[EXCERPTED DATA — start]
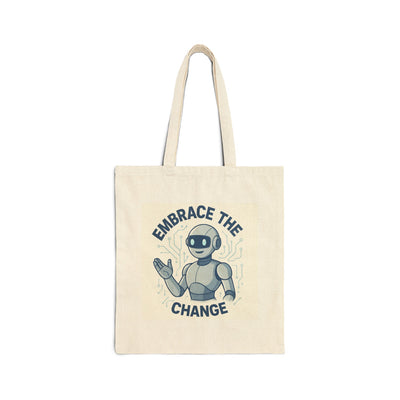 Embrace the Change Tote Bag — Cute Retro Robot Canvas Tote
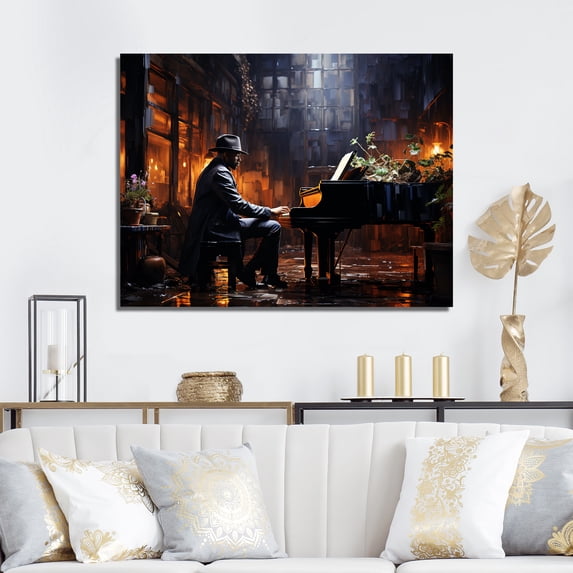 Designart "Classic Red Piano Musician in Vintage Elegance III" Music Wall Art - Vintage Black Music Piano Bedroom Canvas Wall Art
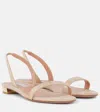 Aquazzura So Nude Woven Raffia And Metallic Leather Slingback Sandals In Gold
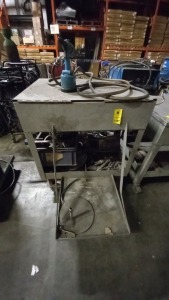 MOBILE METAL BABINET CONTAINING VARIOUS HOSE ATTACHMENTS PLUS AN AVDEL PNEUMATIC AIR TOOL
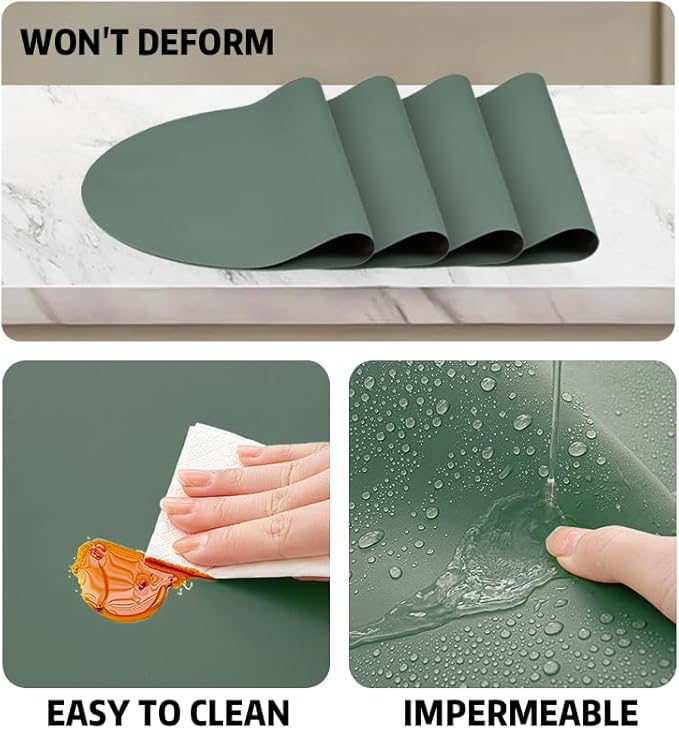 Silicone Placemats, Oval Placemats Set of 4. Heat-Resistant and Easy to Clean Siliconty Mats, Non-Slip Silicone Placemats for Table Protection. (2, Dark Green)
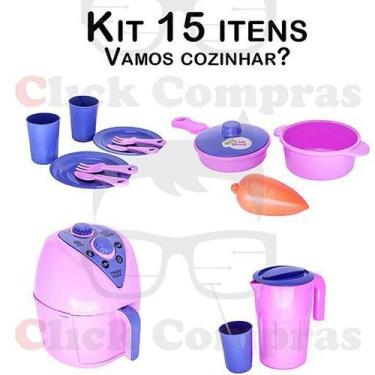 Imagem de Kit Infantil Cozinha Air Fryer Jarra Copos Panelas 15pç - CLICKCOMPRAS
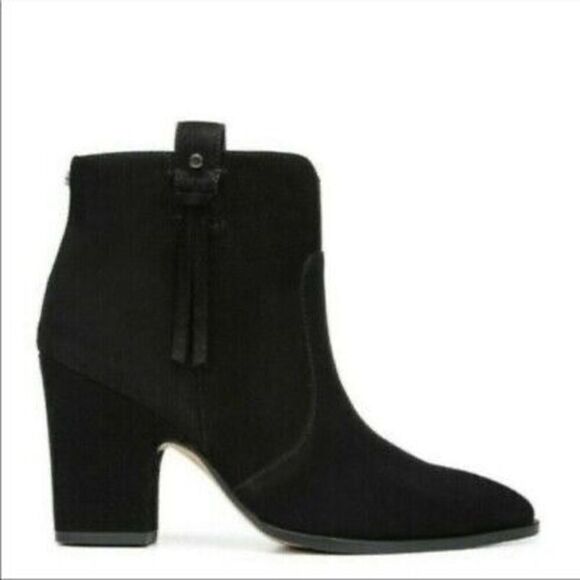 Sam Edelman Niomi Nubuck Leather Heel Western Booties in Black‎ Size 8 - Picture 1 of 13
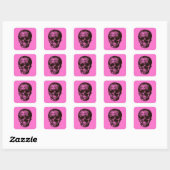 Roze schedel vierkante sticker (Vel)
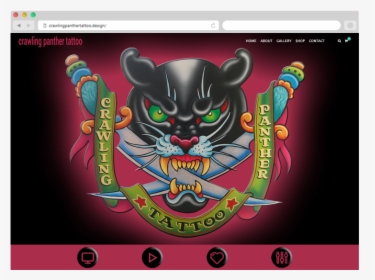 Chrome - American Traditional Tattoo Panther Design, HD Png Download, Transparent PNG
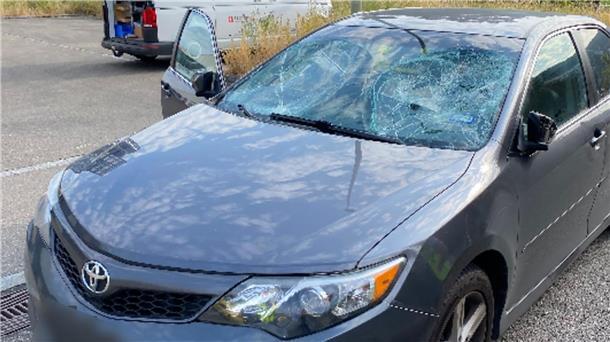 Auto fährt südlich von Basel in Menschengruppe: Verletzte Auto mit beschädigter Frontscheibe: Die Fahrerin war von der Straße abgekommen und in eine Gruppe von etwa 20 Menschen gefahren.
[EXCERPTED DATA — finish]
**WHAT YOU SHOULD DO:** Would you copy out every entry above word for word, without the pictures?

**EXERCISE ANSWER:**
 Embrace the Change Tote Bag — Cute Retro Robot Canvas Tote
 Designart "Classic Red Piano Musician in Vintage Elegance III" Music Wall Art - Vintage Black Music Piano Bedroom Canvas Wall Art
 Aquazzura So Nude Woven Raffia And Metallic Leather Slingback Sandals In Gold
 MOBILE METAL BABINET CONTAINING VARIOUS HOSE ATTACHMENTS PLUS AN AVDEL PNEUMATIC AIR TOOL
 Silicone Placemats, Oval Placemats Set of 4. Heat-Resistant and Easy to Clean Siliconty Mats, Non-Slip Silicone Placemats for Table Protection. (2, Dark Green)
 Imagem de Kit Infantil Cozinha Air Fryer Jarra Copos Panelas 15pç - CLICKCOMPRAS
 Sam Edelman Niomi Nubuck Leather Heel Western Booties in Black‎ Size 8 - Picture 1 of 13
 Roze schedel vierkante sticker (Vel)
 Chrome - American Traditional Tattoo Panther Design, HD Png Download, Transparent PNG
 Auto fährt südlich von Basel in Menschengruppe: Verletzte Auto mit beschädigter Frontscheibe: Die Fahrerin war von der Straße abgekommen und in eine Gruppe von etwa 20 Menschen gefahren.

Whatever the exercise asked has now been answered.